**Directions**
Instruction for the entries that follow: retype exactly the lines from the line with "Der Palacio de" to the line with "rivista FORZA MILAN", both included, and omit all others.

**Provided data**
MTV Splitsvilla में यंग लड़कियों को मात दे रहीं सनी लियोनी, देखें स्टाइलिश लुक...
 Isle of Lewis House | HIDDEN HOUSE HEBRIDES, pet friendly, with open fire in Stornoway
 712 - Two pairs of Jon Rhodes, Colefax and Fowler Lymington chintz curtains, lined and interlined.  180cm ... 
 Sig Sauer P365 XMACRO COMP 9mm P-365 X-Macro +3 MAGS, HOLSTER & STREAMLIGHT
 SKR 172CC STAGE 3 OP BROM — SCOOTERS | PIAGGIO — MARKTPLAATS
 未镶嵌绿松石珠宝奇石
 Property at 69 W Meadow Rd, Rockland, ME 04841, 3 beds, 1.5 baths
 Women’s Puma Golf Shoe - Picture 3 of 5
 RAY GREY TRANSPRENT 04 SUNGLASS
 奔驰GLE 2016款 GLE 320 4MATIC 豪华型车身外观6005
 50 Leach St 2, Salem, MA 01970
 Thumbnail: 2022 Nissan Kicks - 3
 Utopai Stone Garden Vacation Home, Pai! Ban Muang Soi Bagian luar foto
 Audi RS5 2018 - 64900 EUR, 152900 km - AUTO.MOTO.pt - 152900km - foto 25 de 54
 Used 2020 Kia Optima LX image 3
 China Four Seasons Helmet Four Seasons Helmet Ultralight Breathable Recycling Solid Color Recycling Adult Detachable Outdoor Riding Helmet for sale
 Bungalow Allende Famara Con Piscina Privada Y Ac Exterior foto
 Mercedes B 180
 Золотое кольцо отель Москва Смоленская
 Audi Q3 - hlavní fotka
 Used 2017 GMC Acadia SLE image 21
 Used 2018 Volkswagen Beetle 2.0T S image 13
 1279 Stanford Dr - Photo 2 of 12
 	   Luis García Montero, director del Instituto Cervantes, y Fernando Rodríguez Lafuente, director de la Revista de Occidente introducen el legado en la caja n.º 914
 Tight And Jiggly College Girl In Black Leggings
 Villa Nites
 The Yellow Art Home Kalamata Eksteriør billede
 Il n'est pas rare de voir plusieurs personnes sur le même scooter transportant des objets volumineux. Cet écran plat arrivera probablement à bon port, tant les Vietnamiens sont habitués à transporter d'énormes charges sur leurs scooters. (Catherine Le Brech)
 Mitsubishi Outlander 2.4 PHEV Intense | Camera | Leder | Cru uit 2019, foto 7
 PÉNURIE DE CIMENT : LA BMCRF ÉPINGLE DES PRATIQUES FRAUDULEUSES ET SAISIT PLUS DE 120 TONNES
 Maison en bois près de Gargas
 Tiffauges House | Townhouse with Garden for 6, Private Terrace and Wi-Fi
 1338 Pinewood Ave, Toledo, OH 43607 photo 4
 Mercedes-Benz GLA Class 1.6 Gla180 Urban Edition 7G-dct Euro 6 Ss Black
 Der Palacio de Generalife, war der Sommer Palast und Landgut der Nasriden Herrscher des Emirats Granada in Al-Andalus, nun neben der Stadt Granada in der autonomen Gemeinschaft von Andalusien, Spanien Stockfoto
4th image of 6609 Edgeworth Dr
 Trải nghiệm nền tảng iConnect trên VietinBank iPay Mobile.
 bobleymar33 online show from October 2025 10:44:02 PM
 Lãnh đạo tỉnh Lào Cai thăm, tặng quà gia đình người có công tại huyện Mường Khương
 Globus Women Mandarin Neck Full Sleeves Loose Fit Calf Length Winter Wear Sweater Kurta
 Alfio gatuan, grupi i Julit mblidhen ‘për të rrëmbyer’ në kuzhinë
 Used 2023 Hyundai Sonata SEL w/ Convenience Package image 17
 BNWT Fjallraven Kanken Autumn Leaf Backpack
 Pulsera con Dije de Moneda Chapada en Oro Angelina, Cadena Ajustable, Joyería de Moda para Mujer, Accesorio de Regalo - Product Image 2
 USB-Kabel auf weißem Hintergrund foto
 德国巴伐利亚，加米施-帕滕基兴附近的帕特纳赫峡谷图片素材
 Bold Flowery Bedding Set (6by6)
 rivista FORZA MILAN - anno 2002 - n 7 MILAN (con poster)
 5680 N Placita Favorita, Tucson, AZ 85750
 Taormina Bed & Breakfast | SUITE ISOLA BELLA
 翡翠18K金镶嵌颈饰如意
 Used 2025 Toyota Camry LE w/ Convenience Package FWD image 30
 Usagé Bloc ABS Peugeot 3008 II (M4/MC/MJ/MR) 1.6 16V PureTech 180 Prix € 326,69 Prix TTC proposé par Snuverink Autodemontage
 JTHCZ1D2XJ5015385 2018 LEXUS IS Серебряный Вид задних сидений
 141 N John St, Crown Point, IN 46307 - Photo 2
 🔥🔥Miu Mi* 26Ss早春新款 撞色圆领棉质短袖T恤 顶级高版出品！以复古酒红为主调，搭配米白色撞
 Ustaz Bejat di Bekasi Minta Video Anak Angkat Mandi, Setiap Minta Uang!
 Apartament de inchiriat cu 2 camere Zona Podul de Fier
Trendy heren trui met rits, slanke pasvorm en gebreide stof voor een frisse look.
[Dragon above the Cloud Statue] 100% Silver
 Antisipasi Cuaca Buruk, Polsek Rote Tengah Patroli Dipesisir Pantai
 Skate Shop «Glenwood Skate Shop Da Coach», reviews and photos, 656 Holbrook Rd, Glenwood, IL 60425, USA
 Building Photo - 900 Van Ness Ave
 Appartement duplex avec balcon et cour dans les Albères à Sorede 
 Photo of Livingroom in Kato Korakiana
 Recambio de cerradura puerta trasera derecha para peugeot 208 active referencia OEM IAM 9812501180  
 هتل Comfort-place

**Solution for this task**
 Der Palacio de Generalife, war der Sommer Palast und Landgut der Nasriden Herrscher des Emirats Granada in Al-Andalus, nun neben der Stadt Granada in der autonomen Gemeinschaft von Andalusien, Spanien Stockfoto
4th image of 6609 Edgeworth Dr
 Trải nghiệm nền tảng iConnect trên VietinBank iPay Mobile.
 bobleymar33 online show from October 2025 10:44:02 PM
 Lãnh đạo tỉnh Lào Cai thăm, tặng quà gia đình người có công tại huyện Mường Khương
 Globus Women Mandarin Neck Full Sleeves Loose Fit Calf Length Winter Wear Sweater Kurta
 Alfio gatuan, grupi i Julit mblidhen ‘për të rrëmbyer’ në kuzhinë
 Used 2023 Hyundai Sonata SEL w/ Convenience Package image 17
 BNWT Fjallraven Kanken Autumn Leaf Backpack
 Pulsera con Dije de Moneda Chapada en Oro Angelina, Cadena Ajustable, Joyería de Moda para Mujer, Accesorio de Regalo - Product Image 2
 USB-Kabel auf weißem Hintergrund foto
 德国巴伐利亚，加米施-帕滕基兴附近的帕特纳赫峡谷图片素材
 Bold Flowery Bedding Set (6by6)
 rivista FORZA MILAN - anno 2002 - n 7 MILAN (con poster)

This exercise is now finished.